Image-caption web data:
=== Begin Enclosure ===

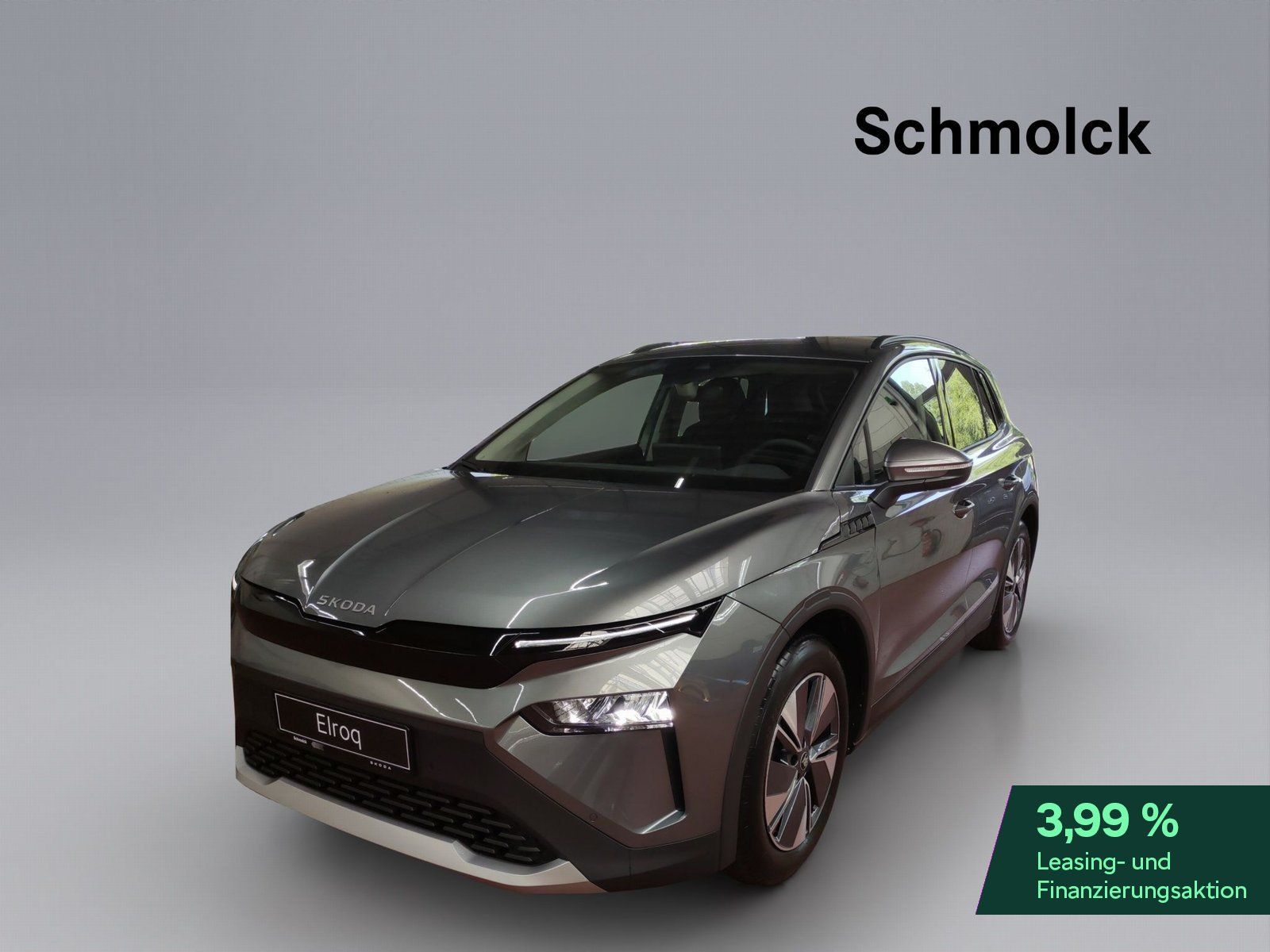 Skoda Elroq 50 Clever DSG 150 PS LED NAVI ACC PDC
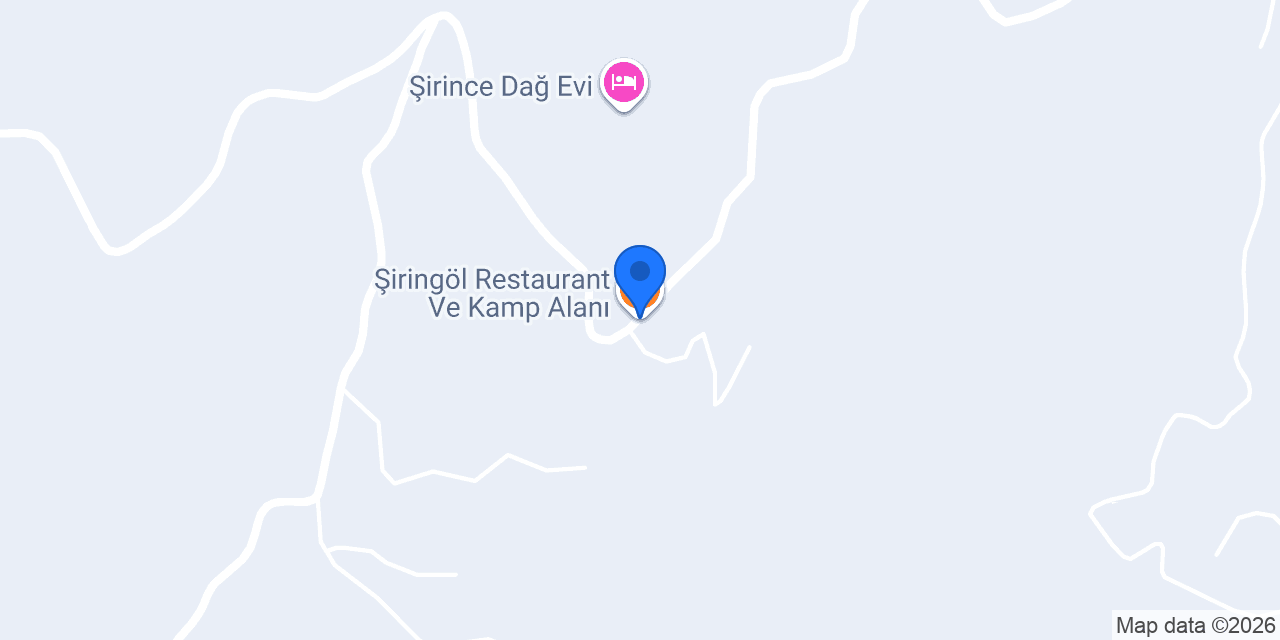 Şiringöl Restaurant Ve Kamp Alanı konumu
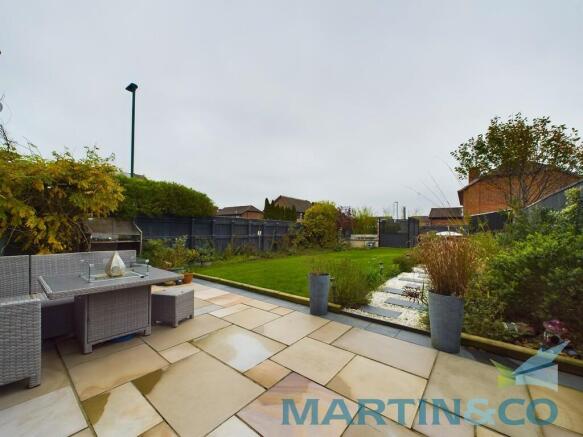 Main Patio Area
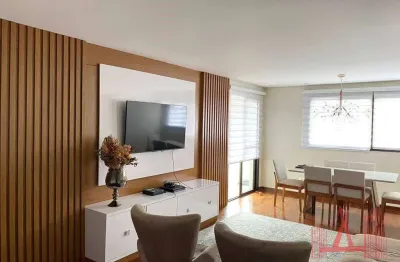 Apartamento MOBILIADO à Venda ou Locação com 3 dormitórios, 2 vagas de garagem, com 130 m² - Vila Lavínia (Mogi das Cruzes)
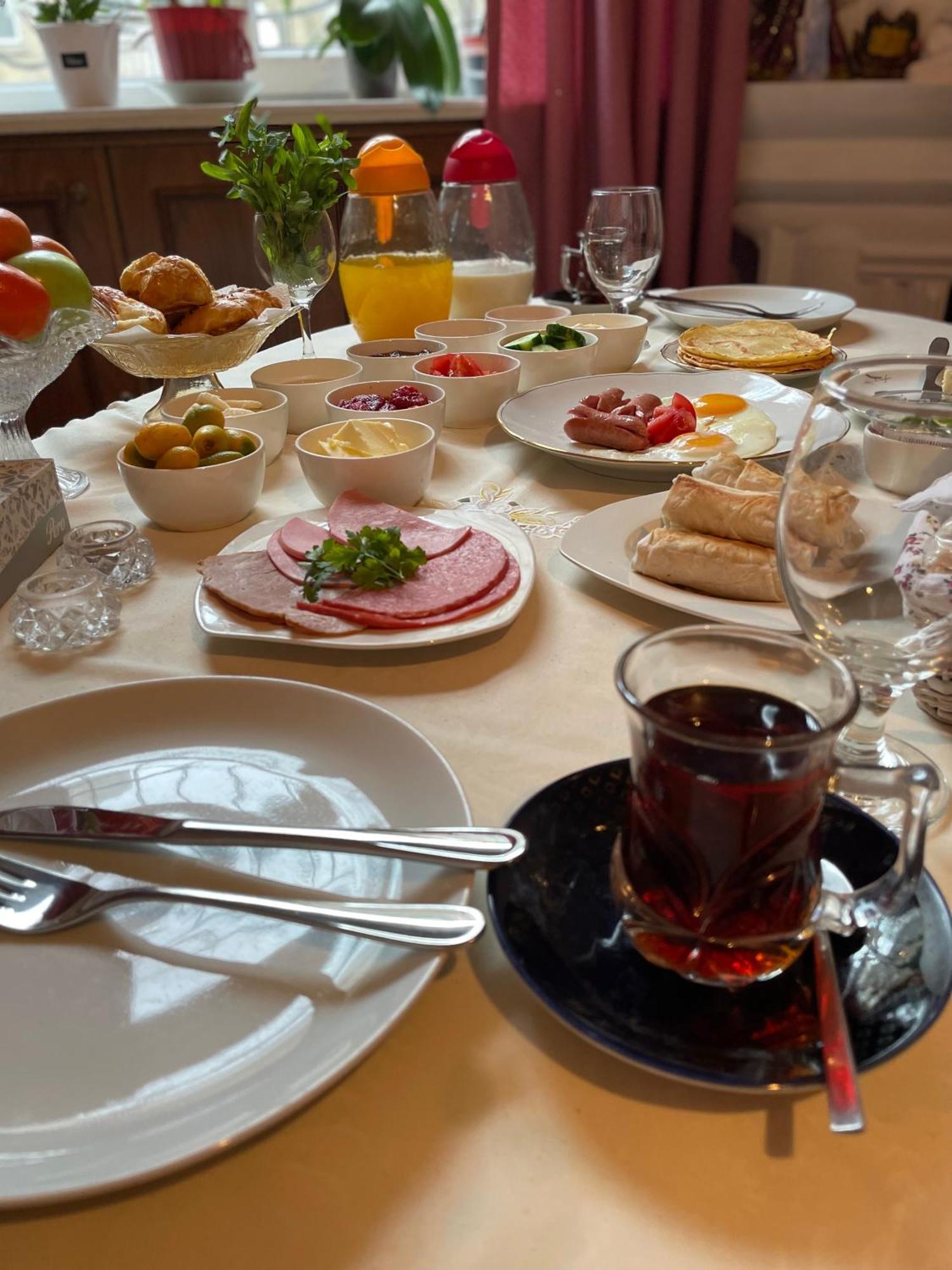 My Home Guest House Baku Extérieur photo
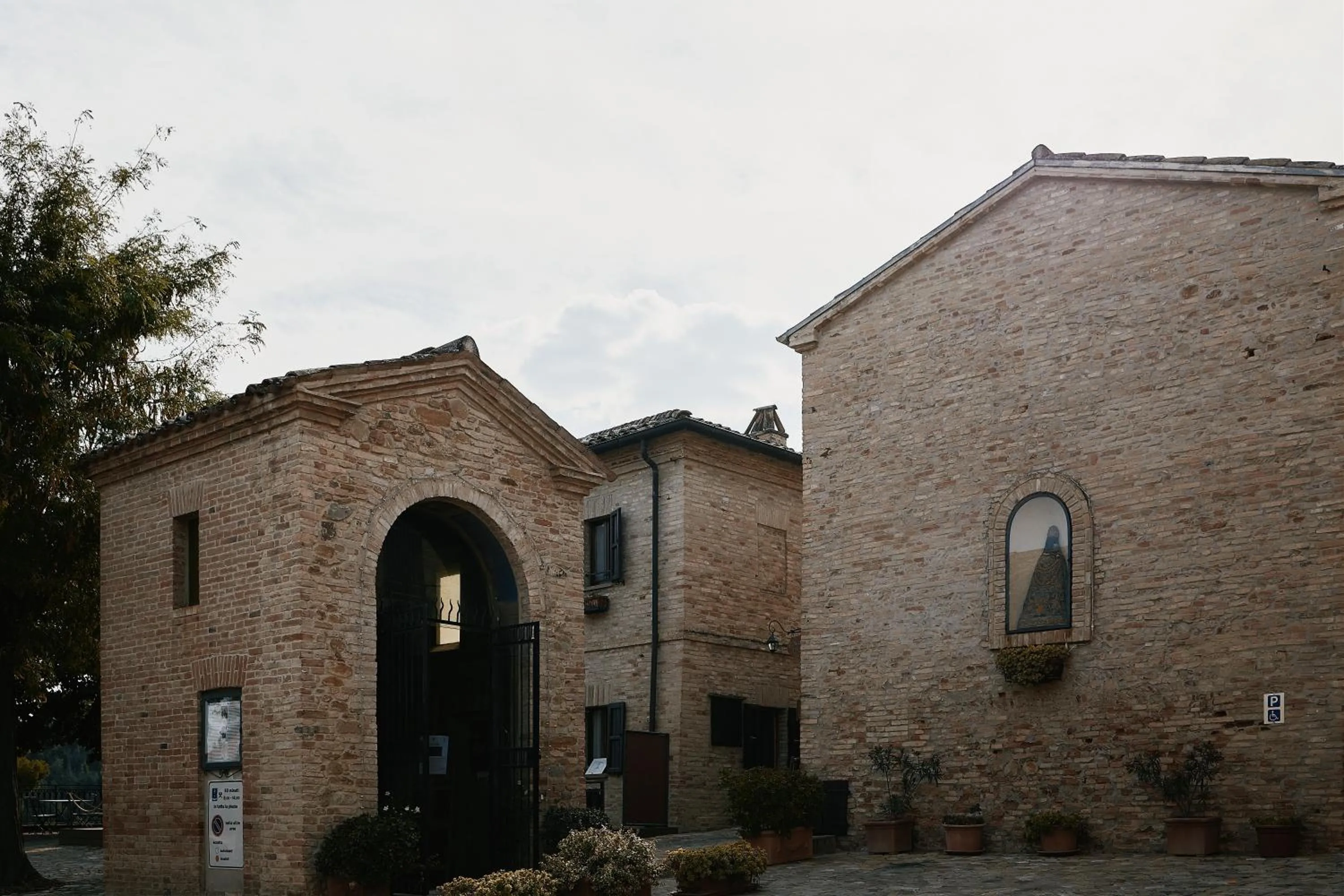 View (from property/room) in Palazzo Viviani - Castello di Montegridolfo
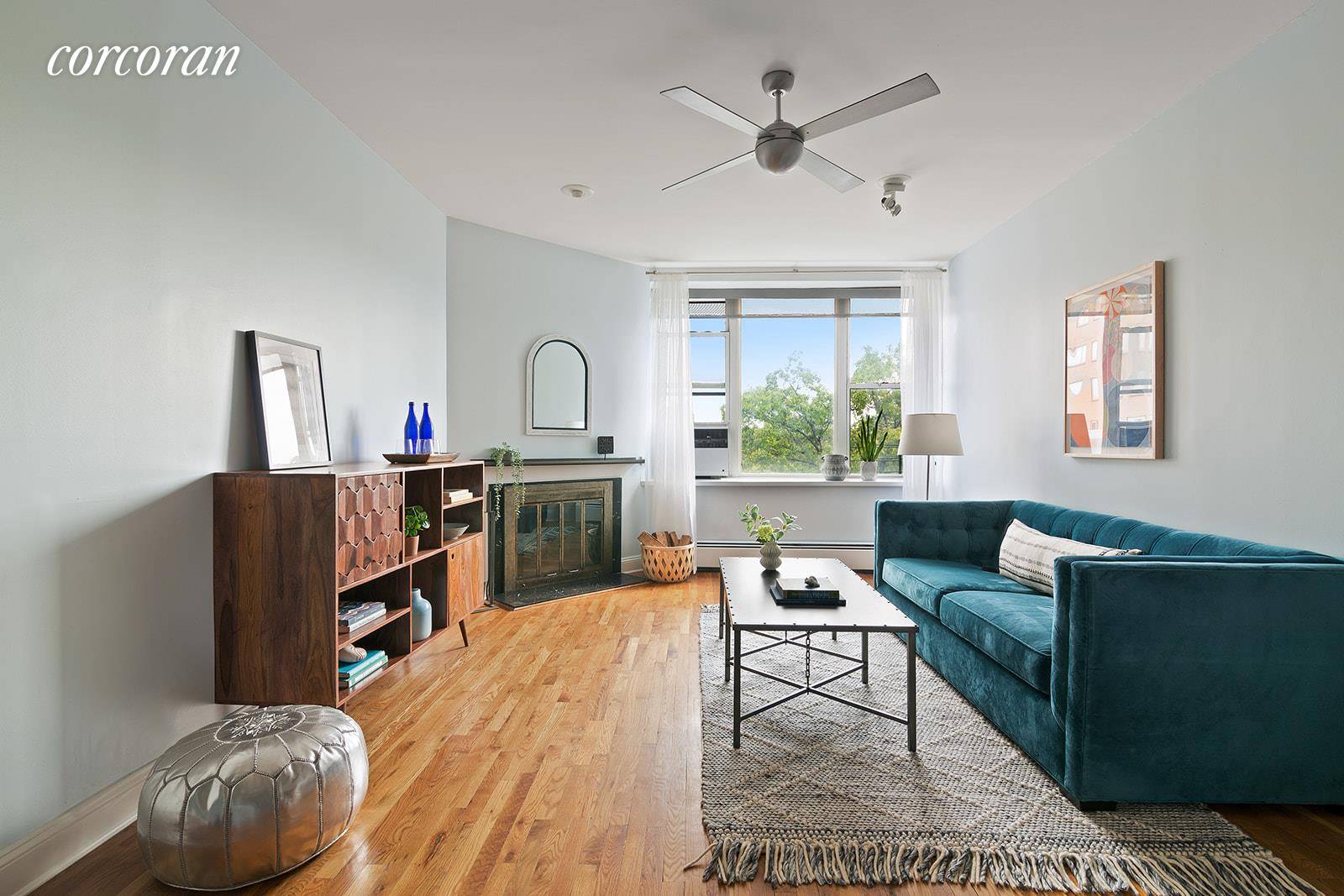 270 5th Street, 4J The Milk Factory Loft Open, airy, outdoor space and parking too !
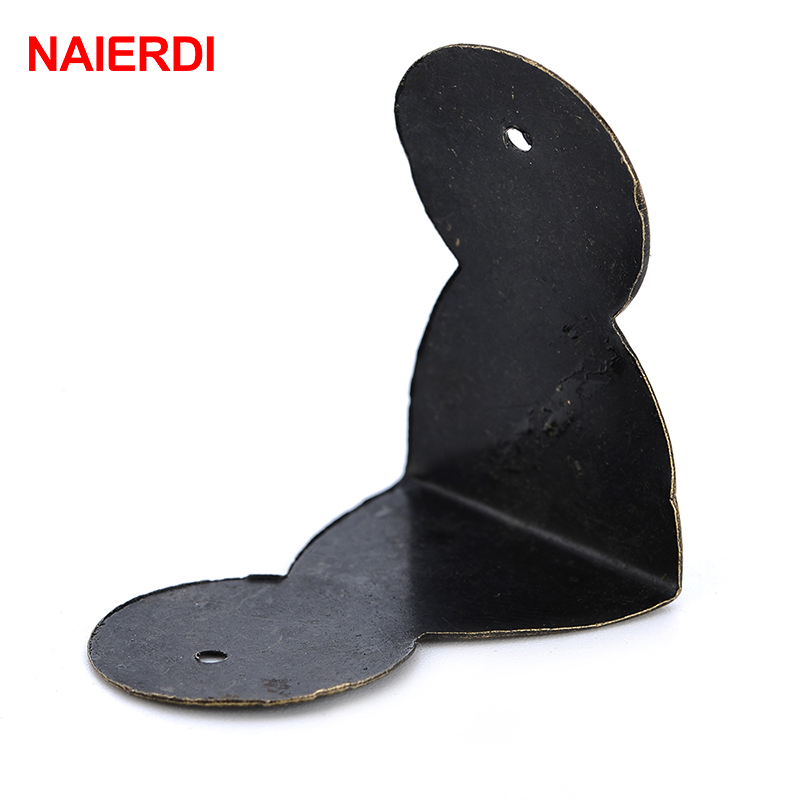 NAIERDI 30PCS Decoration Corne - огляд і ціна Furniture Hardware Antique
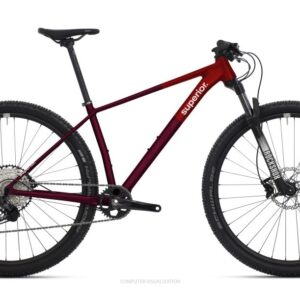 CANNONDALE Scalpel HT Carbon 3 rally red (M)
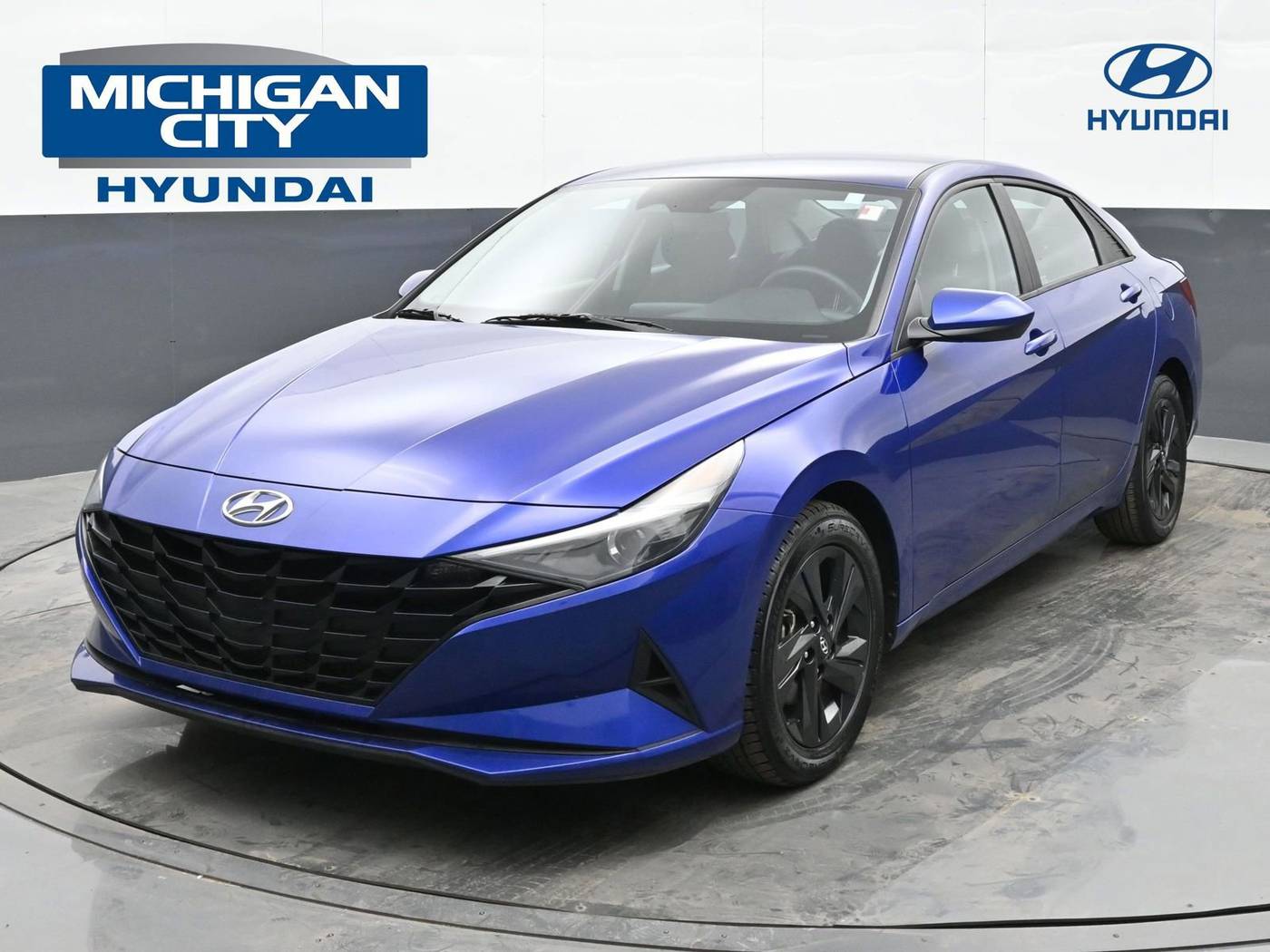 2022 Hyundai Elantra SEL — Sedan — 54,699 mi — Michigan City, IN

=== End Enclosure ===

The copy must start at the line containing "View (from property/room)" and end at the last line of the records, matching each line exactly and holding no pictures.

 View (from property/room) in Palazzo Viviani - Castello di Montegridolfo
 270 5th Street, 4J The Milk Factory Loft Open, airy, outdoor space and parking too !
 NAIERDI 30PCS Decoration Corne - огляд і ціна Furniture Hardware Antique
 CANNONDALE Scalpel HT Carbon 3 rally red (M)
 2022 Hyundai Elantra SEL — Sedan — 54,699 mi — Michigan City, IN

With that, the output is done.